## Extracted information
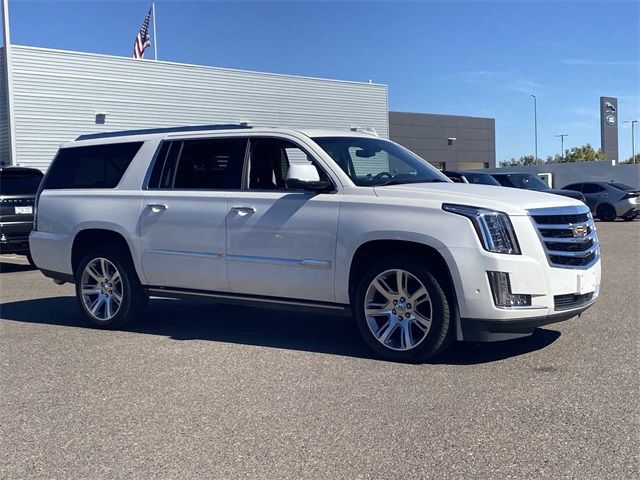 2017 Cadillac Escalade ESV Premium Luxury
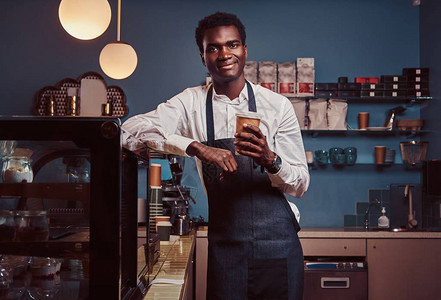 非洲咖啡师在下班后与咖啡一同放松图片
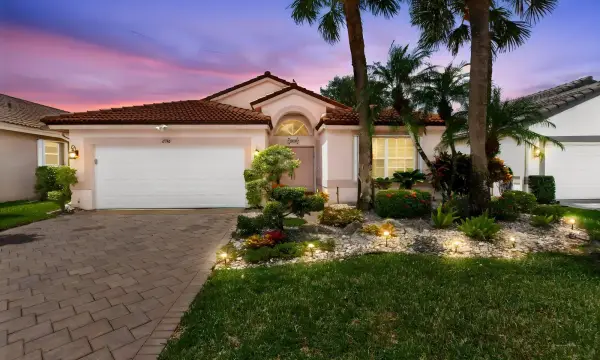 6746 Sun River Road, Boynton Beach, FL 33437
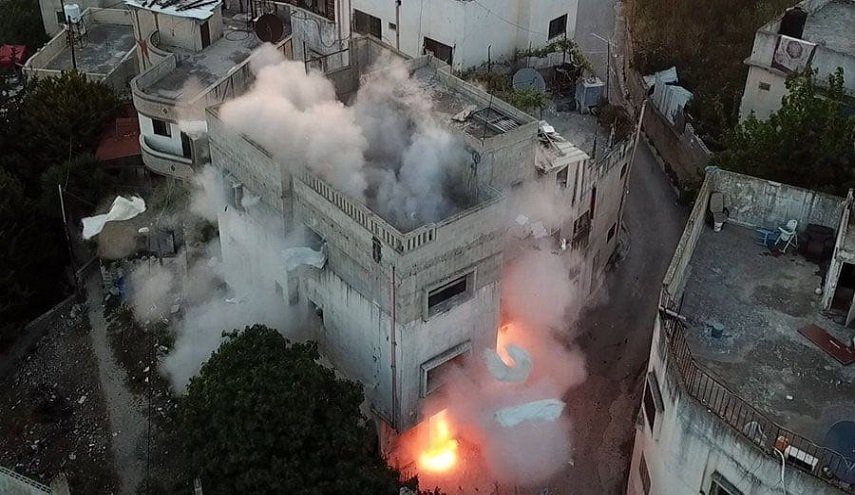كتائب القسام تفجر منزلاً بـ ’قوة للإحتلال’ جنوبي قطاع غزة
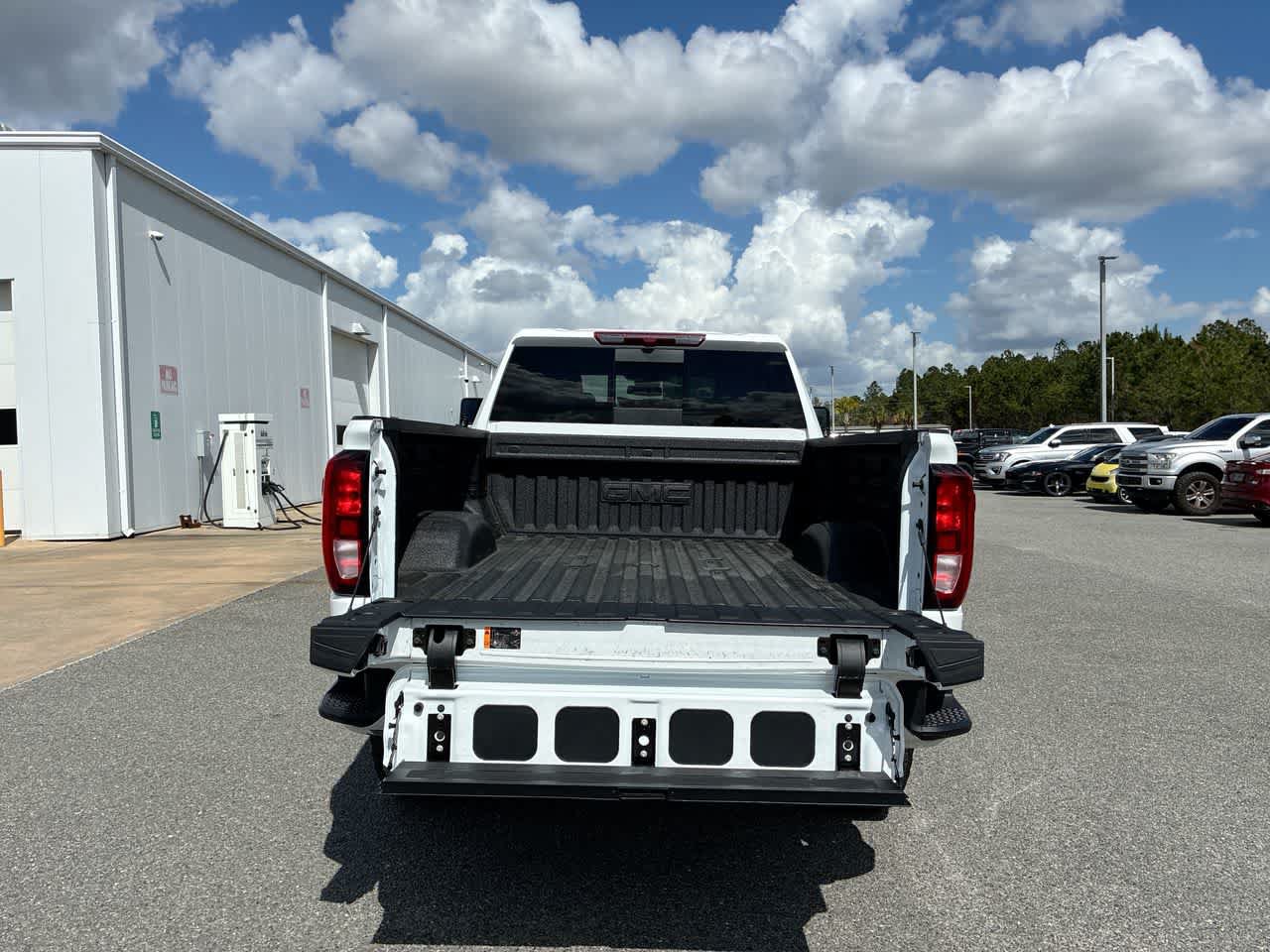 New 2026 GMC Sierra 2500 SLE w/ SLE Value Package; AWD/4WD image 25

## Exercise instructions
Set down the records again verbatim, with no pictures.

## Answer section
 2017 Cadillac Escalade ESV Premium Luxury
 非洲咖啡师在下班后与咖啡一同放松图片
 6746 Sun River Road, Boynton Beach, FL 33437
كتائب القسام تفجر منزلاً بـ ’قوة للإحتلال’ جنوبي قطاع غزة
 New 2026 GMC Sierra 2500 SLE w/ SLE Value Package; AWD/4WD image 25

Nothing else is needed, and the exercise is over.